_Task objective_
Beginning with the first line below, output every record verbatim and leave out the images.

::: Source records

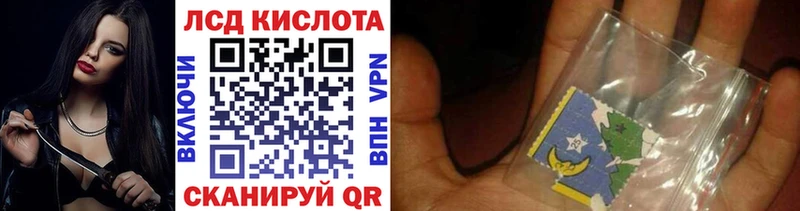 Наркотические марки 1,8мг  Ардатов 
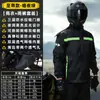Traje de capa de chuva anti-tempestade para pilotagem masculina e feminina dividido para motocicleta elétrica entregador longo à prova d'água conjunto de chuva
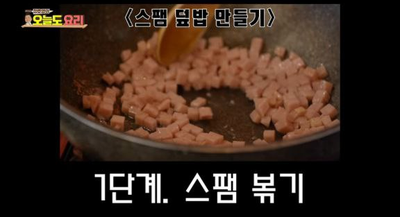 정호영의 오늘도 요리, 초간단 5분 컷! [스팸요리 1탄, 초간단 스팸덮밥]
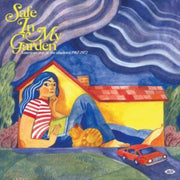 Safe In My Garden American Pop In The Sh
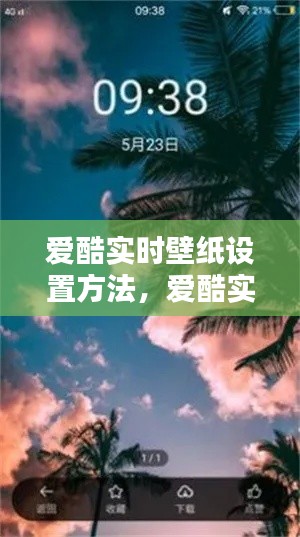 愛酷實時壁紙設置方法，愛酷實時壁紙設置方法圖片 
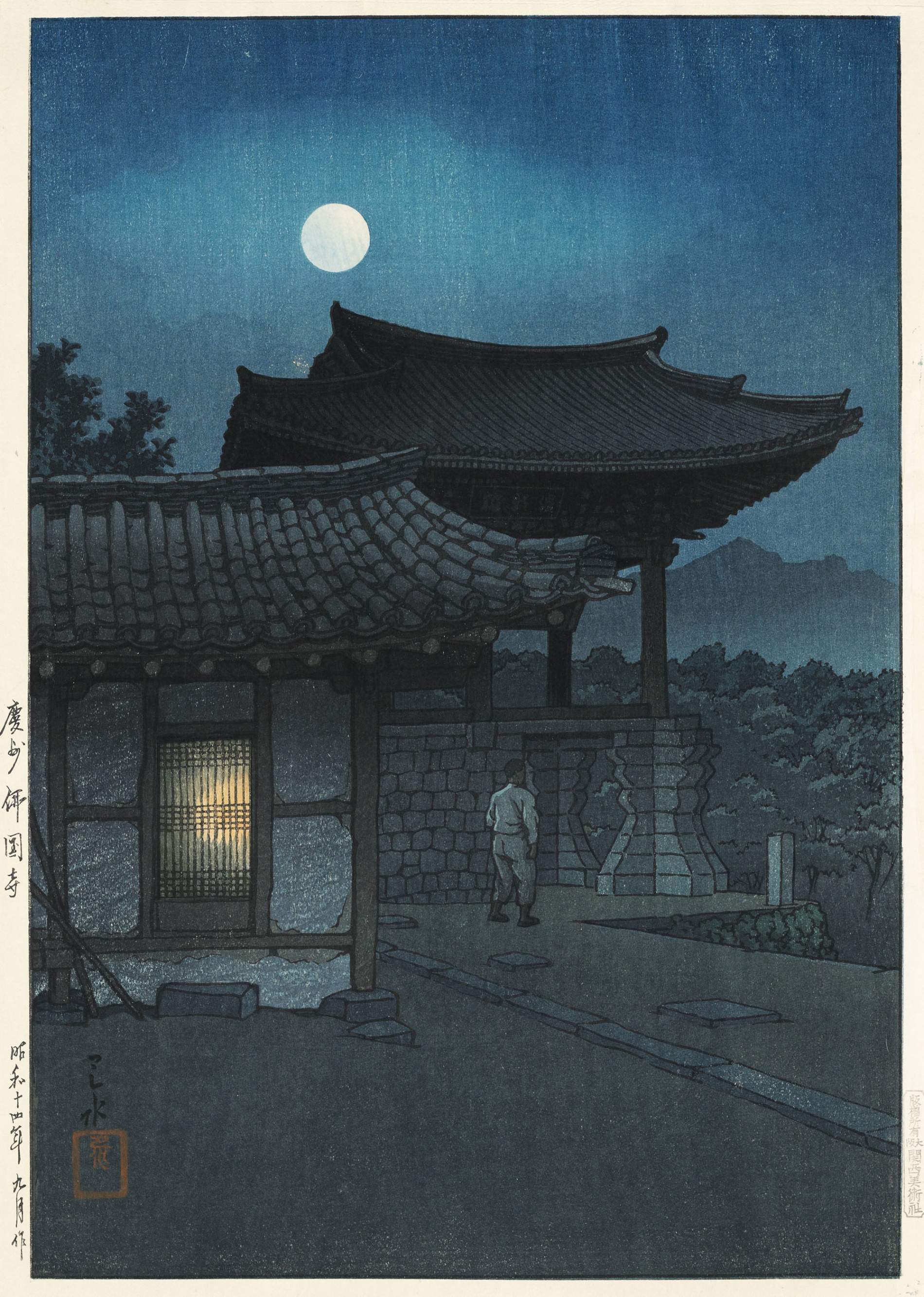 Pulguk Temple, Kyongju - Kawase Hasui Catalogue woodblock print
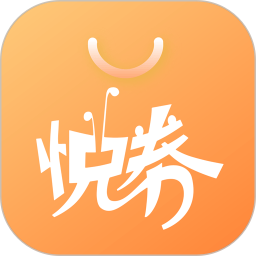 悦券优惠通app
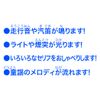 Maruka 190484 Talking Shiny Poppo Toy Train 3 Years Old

::::::

_Exercise solution_
 Наркотические марки 1,8мг  Ардатов 
Traje de capa de chuva anti-tempestade para pilotagem masculina e feminina dividido para motocicleta elétrica entregador longo à prova d'água conjunto de chuva
 정호영의 오늘도 요리, 초간단 5분 컷! [스팸요리 1탄, 초간단 스팸덮밥]
 Safe In My Garden American Pop In The Sh
 愛酷實時壁紙設置方法，愛酷實時壁紙設置方法圖片 
 Pulguk Temple, Kyongju - Kawase Hasui Catalogue woodblock print
 悦券优惠通app
 Maruka 190484 Talking Shiny Poppo Toy Train 3 Years Old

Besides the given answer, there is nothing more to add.